If Australia didn’t have a long-range submarine capability, it would be far more dependent on the US, Marles told the conference in Canberra.
‘… To have a long-range capable submarine in the 2030s and 40s, it will need to have nuclear propulsion. And the one avenue which gives us the greatest sovereignty to achieve that is through a technology transfer from the United Kingdom and the US jointly to Australia.’
‘The fact of the matter is it’s just going to be harder to operate submarines in the 2030s and 40s than it was in the year 2000. In order for them not to be detected, they will need to be so much more capable.’
Marles did not elaborate on technical reasons, but former defence minister Peter Dutton, a member of the government that launched AUKUS in 2021, spelled out the case in 2022. He wrote in The Australian that experts had advised that diesel submarines would be unviable against China in the South China Sea beyond 2035. New radar technologies would detect them when they extended breathing pipes, called snorts, above the waves to run engines for battery recharging.
Nuclear submarines don’t need to do that.
At ASPI’s conference Marles drew the conclusion that Australia would be part of a shrinking submarine-operating club.
‘It’s just a harder capability to engage in,’ he said. So Australia had a choice, he added. On the one hand, it could work to maintain submarine capability despite the challenges. ‘And that will mean that we will be part of a smaller group of countries which do it, with more sovereignty as a result.’

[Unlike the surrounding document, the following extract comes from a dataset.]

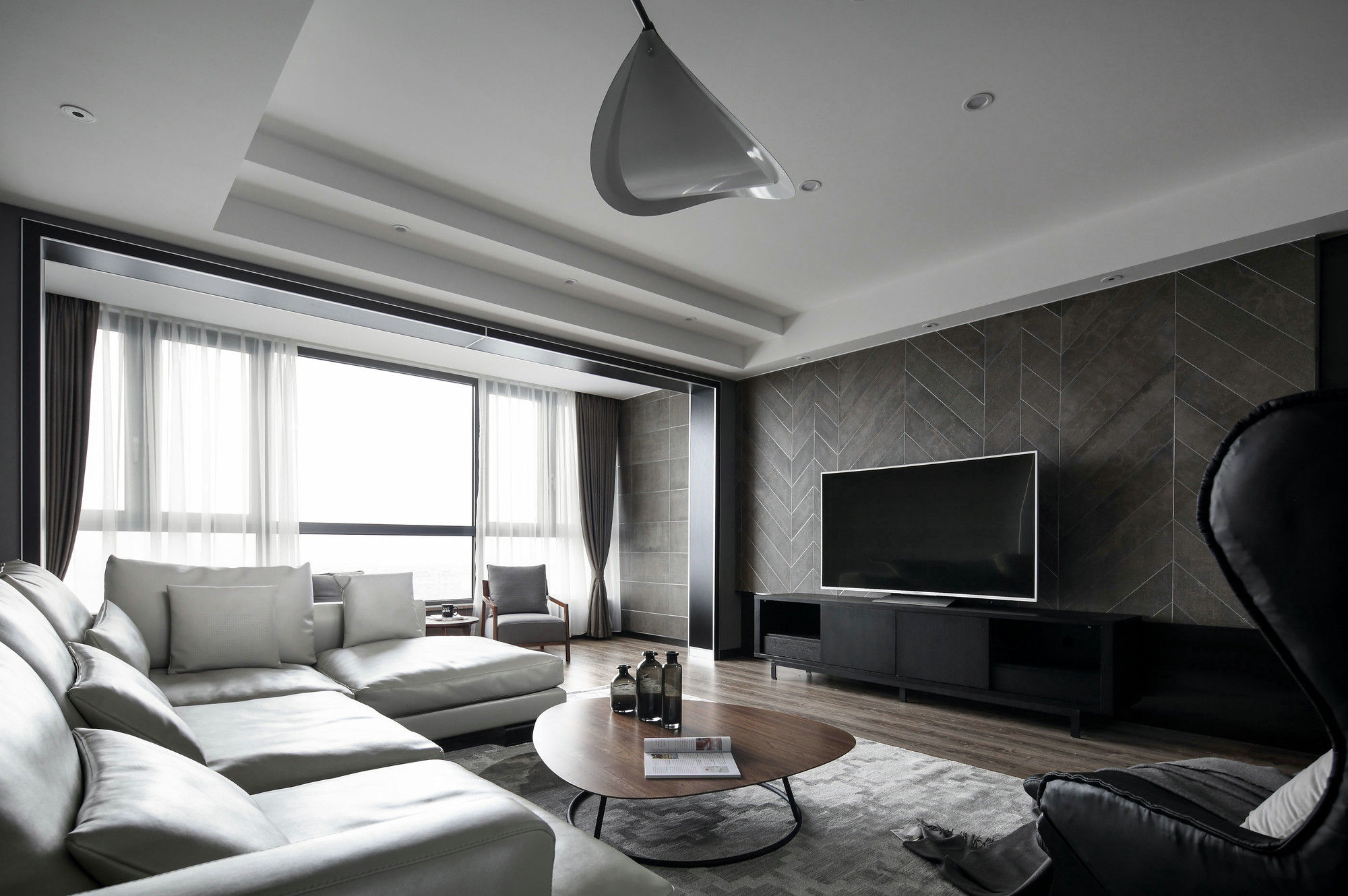 电视机背景墙以深咖色打底，搭配黑色电视机与地柜，营造出简约静谧的氛围。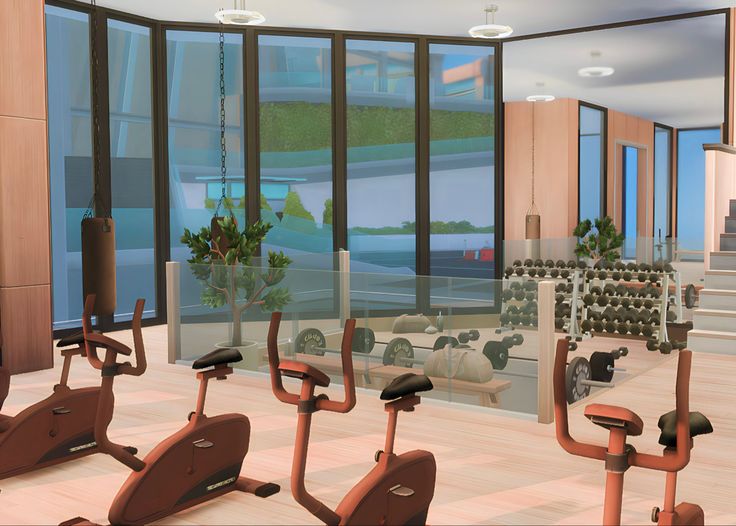 there are many exercise bikes in the room with large windows on either side of the wall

‘Or do we let it go, in which case we are operating at a capability less than what we had in the year 2000?’
This is also a large issue for Japan, which operates more than 20 diesel submarines. The Japan Innovation Party, part of the ruling coalition, called last week for a switch to nuclear propulsion.
South Korea, with a similarly numerous fleet of diesel submarines, has already launched a project to build nuclear boats.
The United States, Britain and France gave up on diesel submarines decades ago. All their submarines are nuclear. But China still builds diesel submarines, as well as nuclear ones. Several Southeast Asian countries have acquired their first submarines since the 1990s – all diesels – and presumably operate or intend to operate them in the South China Sea.
Under AUKUS Pillar One, Australia is due to receive three second-hand submarines of the US Virginia class in the 2030s and, beginning in the 2040s, five boats of the SSN-AUKUS class to be built in a joint program with Britain. They are to replace six diesel submarines of the Collins class, which were commissioned from 1996 to 2003.